(2-14-2003) The race to enact new gun control is on, and - exactly as we predicted in our post-election report - anti-gunners came out of the blocks fast to steer hard-left. The gamesmanship is clear. First they wrote campaign ads intended to appeal to their base, then they drafted bills to fit their spin. What do they really want? Gun control on Ehrlich's desk. He either signs it (giving them what they want) or vetos it (giving them campaign rhetoric.)
I'd love to report how our broadened base of pro-gun legislators, many freshly re-elected with our community's help, are fighting back. I can't. For the most part, our bills aren't there. In fact as of the first deadline for bills to be submitted, no substantive pro-gun legislation was in the hopper. There is something of a mess in Annapolis, and we have our work cut out for us cleaning it up. Here is what you need to know, starting with the anti-gun bills:
New ballistic profiling proposal leads anti-gun agenda. Gun grabbers led this year's gun control push with a bill to expand ballistic fingerprinting to all firearms. No firearm will be lawful for sale unless the manufacturer provides a shell case for MSP's evidence database. This will gut long gun sales just as it did for handguns, since companies can't afford to make MD-only products, and they're terrified of our oppressive regulatory environment.

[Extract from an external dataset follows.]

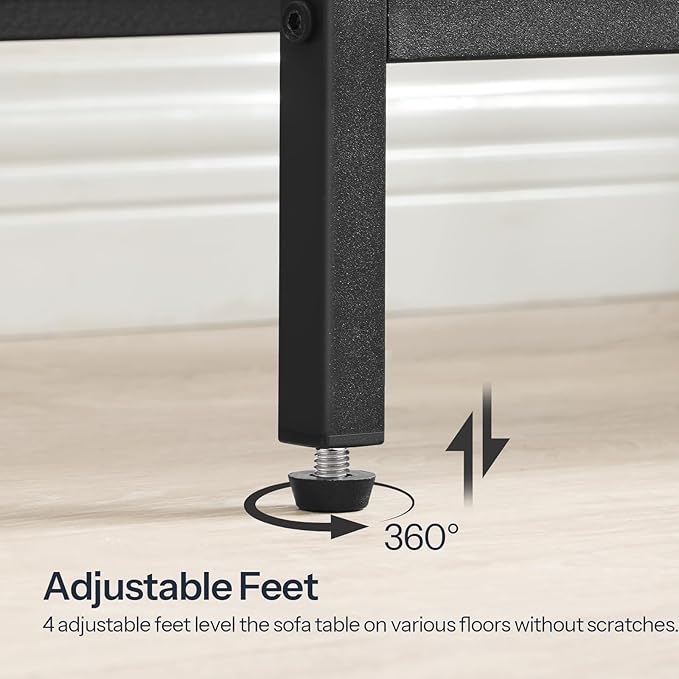 HOOBRO Narrow Console Table, Sofa Table, 4-Tier Industrial Entryway Table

Know the track record. Ballistic fingerprinting has been a mandate on handgun sales for three years, has cost more than five million tax dollars yet has solved no crimes. Glendening got this mandate under a claim it would yield "immediate results." Now we know the system couldn't have been expected to work in the first place, as revealed by multiple independent scientific studies commissioned in California as response to their legislature's demand that it be considered. They confirm it couldn't work. Ballistic fingerprinting is too whacky even for California!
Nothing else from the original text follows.